Top of Collected data

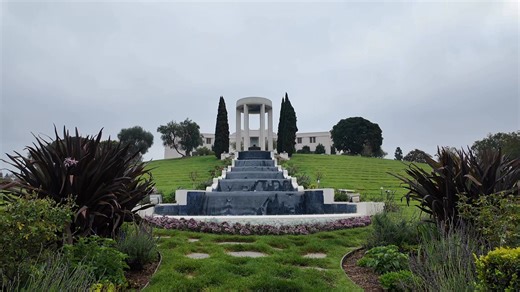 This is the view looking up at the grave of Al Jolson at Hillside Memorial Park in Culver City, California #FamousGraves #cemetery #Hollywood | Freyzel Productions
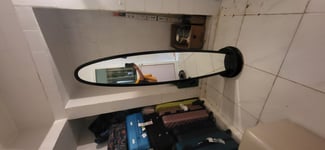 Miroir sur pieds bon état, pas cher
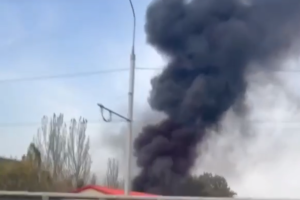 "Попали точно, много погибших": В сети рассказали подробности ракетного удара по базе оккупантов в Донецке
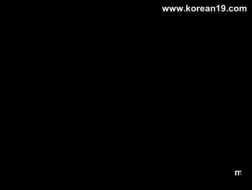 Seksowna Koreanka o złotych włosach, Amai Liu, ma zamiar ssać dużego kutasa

Bottom of Collected data

— Your task —
The copy should hold, exactly, the lines from the one containing "оккупантов в Донецке" to the final line of the listing above, with both ends present and no pictures.

— Expected answer —
 "Попали точно, много погибших": В сети рассказали подробности ракетного удара по базе оккупантов в Донецке
 Seksowna Koreanka o złotych włosach, Amai Liu, ma zamiar ssać dużego kutasa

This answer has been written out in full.